Is there a shorthand to refer to “all cells in a column after A3”?
However, there are techniques for making dynamic references go “all the way down”.
OFFSET() can take vertical and horizontal size parameters.
=ROWS(A:A) is perhaps easier to remember than 1048576, and will return max rows also in spreadsheet software with a different row limit.
- Row number of a certain cell is returned by
ROW(< *cell reference* >).
Together, the above functions enables creation of formulas with “variable scope”.
Would restricting conditional formatting to an expected number of cells you’re dealing with as opposed to extending to the rest of the spreadsheet result in any noticeable performance improvement?
Recalculation should not happen for cells not impacted by a change, so after initial formatting it should not be noticeable when most of the formatted cells are empty. I have done this on a fairly large scale, but not with very complex format conditions, and I did not notice any performance impact.
Note that inserting cells or pasting from other cells will most likely override existing formatting, so trusting the “format all” practice for consistency is perhaps not the best strategy.

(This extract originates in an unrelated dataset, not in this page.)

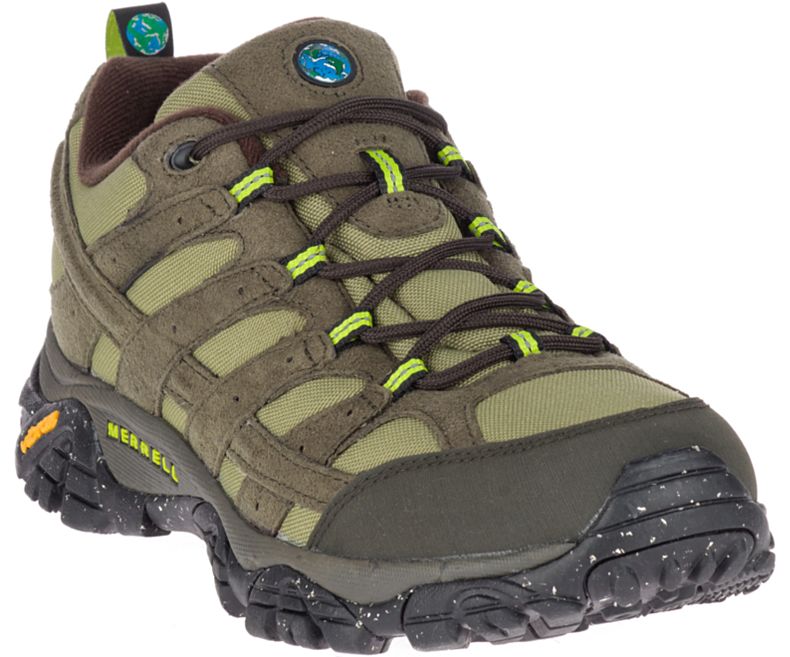 Olive Merrell Moab 2 Vegan Men's Hiking Shoes Canada | 36116M-2HO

For data integrity purposes, spreadsheet software is not the best choice.
Is it good practice to default to using relative reference and use absolute reference as necessary or the other way around for most typical workflows/data?

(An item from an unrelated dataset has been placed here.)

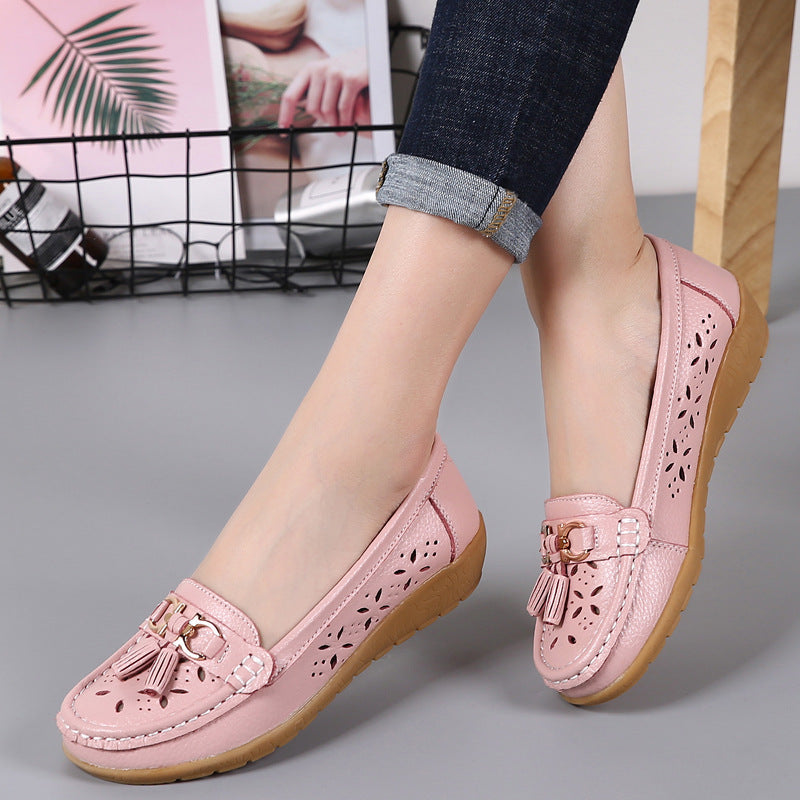 Heidi-Mode Neue Weibliche Erbsen Slipper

It is good practice to always understand what kind of data relationships you are working with, and address it accordingly.
- When your formulas are in a table and reference other elements of the same table, relative references are usually fine.

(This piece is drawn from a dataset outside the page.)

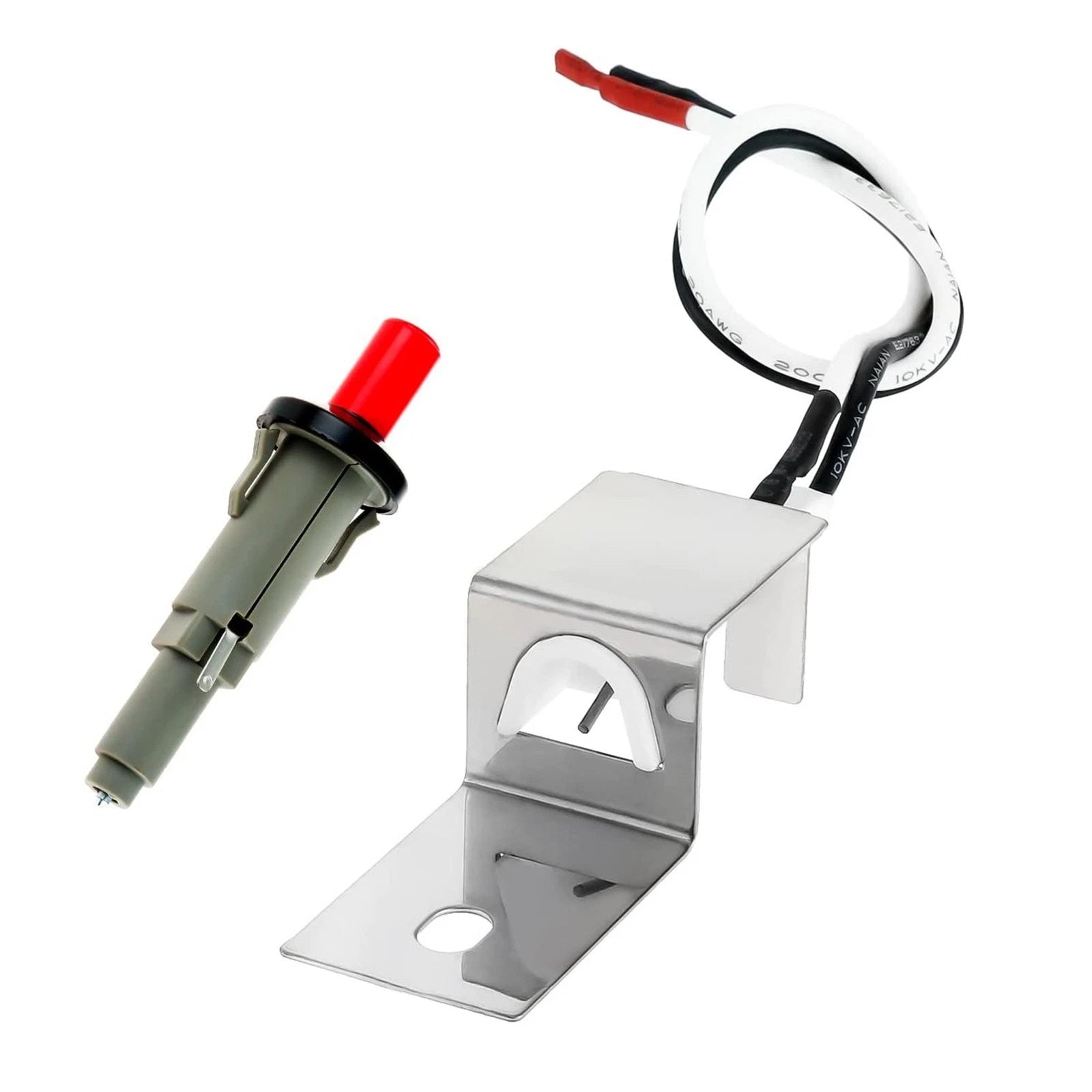 1set Durable Push Button Gas Grill Igniter Kit Fits For Weber 396004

- When your formulas reference data from a table from outside the table, absolute references may be the way to go. Most likely you should use some kind of lookup to the table range, which should be referenced with absolute address. A named range is very useful.
- When your formulas reference constants, absolute references are usually fine.
- In a significant number of cases, mixed references will be required.
- In many cases, in particular when data is routinely reorganized (sorting, filtering, pivot tables), you need to use lookup/redirection functions.
Those are “best fit” guides, as far as I can provide. There will be exceptions. There is no fixed and settled answer for every computation model. You need to think for yourself. No safe shortcuts. Sorry!